WORK TASK:
Each record needs to be transcribed word for word, though without its pictures.

SUPPLIED INFORMATION:
:::
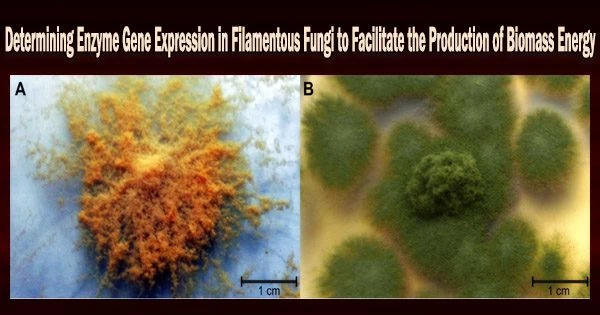 Determining Enzyme Gene Expression in Filamentous Fungi to Facilitate the Production of Biomass Energy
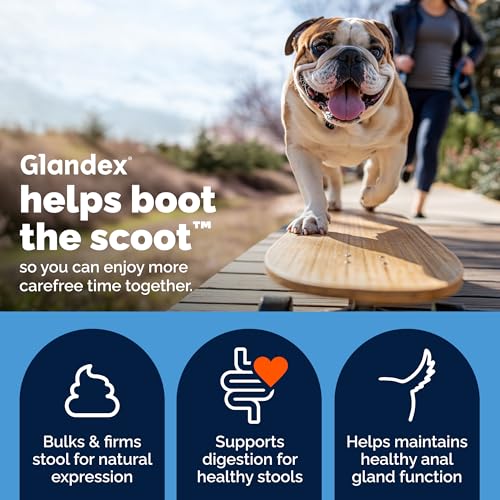 Image of Vetnique Glandex Anal Gland Health Soft Chew Treats with Pumpkin for Dogs Digestive Enzymes, Probiotics Fiber Supplement for Dogs Boot The Scoot (Advanced Strength Duck /Bacon, 30 Count)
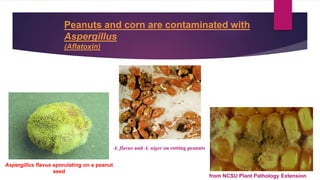 Aspergillus flavus sporulating on a peanut
seed
A. flavus and A. niger on rotting peanuts
Peanuts and corn are contaminated with
Aspergillus
(Aflatoxin)
from NCSU Plant Pathology Extension
 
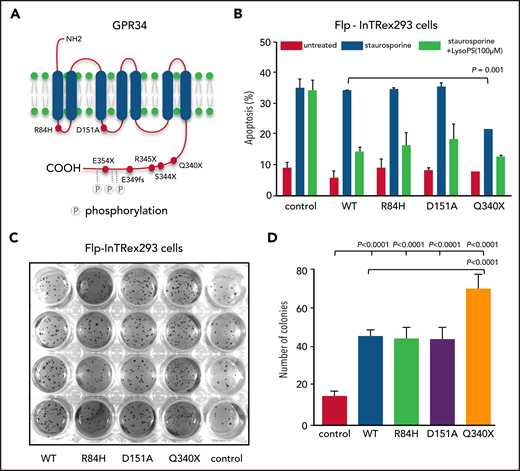 GPR34 truncation mutant confers resistance to apoptosis and transforming capacity. (A) Schematic illustration of GPR34 mutations seen in salivary gland MALT lymphoma. (B) Effect of GPR34 mutations on apoptosis induced by staurosporine. Isogenic Flp-InTRex293 cells that stably express a single copy of GPR34 or its various mutants were treated with 1.5 nM staurosporine in the absence or presence of LysoPS stimulation for 20 hours, and apoptosis was then measured by flow cytometry analysis of annexin V binding. Data are shown as mean ± standard deviation from 3 independent experiments. Statistical significance was analyzed by a two‐tailed unpaired Student t test, with significance indicated. (C) Transforming potential of GPR34 mutants determined by a soft agar colony formation assay. Isogenic Flp-INTRex293 cells that express a single copy of GPR34 or its various mutants were grown on soft agar for 3 weeks, and colonies were stained with a crystal violet and quantified. (D) Data are shown as mean ± standard deviation from 3 independent experiments. Statistical significance was analyzed by one‐way analysis of variance, with significance indicated. Control AQ19: the parental Flp-In T-REx-293 cell line. Wild-type (WT) or various mutations indicated: the derived stable expression cell line with single copy of WT or mutant GPR34.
:::
EXERCISE RESULT:
 Determining Enzyme Gene Expression in Filamentous Fungi to Facilitate the Production of Biomass Energy
 Image of Vetnique Glandex Anal Gland Health Soft Chew Treats with Pumpkin for Dogs Digestive Enzymes, Probiotics Fiber Supplement for Dogs Boot The Scoot (Advanced Strength Duck /Bacon, 30 Count)
 Aspergillus flavus sporulating on a peanut
seed
A. flavus and A. niger on rotting peanuts
Peanuts and corn are contaminated with
Aspergillus
(Aflatoxin)
from NCSU Plant Pathology Extension
 
 GPR34 truncation mutant confers resistance to apoptosis and transforming capacity. (A) Schematic illustration of GPR34 mutations seen in salivary gland MALT lymphoma. (B) Effect of GPR34 mutations on apoptosis induced by staurosporine. Isogenic Flp-InTRex293 cells that stably express a single copy of GPR34 or its various mutants were treated with 1.5 nM staurosporine in the absence or presence of LysoPS stimulation for 20 hours, and apoptosis was then measured by flow cytometry analysis of annexin V binding. Data are shown as mean ± standard deviation from 3 independent experiments. Statistical significance was analyzed by a two‐tailed unpaired Student t test, with significance indicated. (C) Transforming potential of GPR34 mutants determined by a soft agar colony formation assay. Isogenic Flp-INTRex293 cells that express a single copy of GPR34 or its various mutants were grown on soft agar for 3 weeks, and colonies were stained with a crystal violet and quantified. (D) Data are shown as mean ± standard deviation from 3 independent experiments. Statistical significance was analyzed by one‐way analysis of variance, with significance indicated. Control AQ19: the parental Flp-In T-REx-293 cell line. Wild-type (WT) or various mutations indicated: the derived stable expression cell line with single copy of WT or mutant GPR34.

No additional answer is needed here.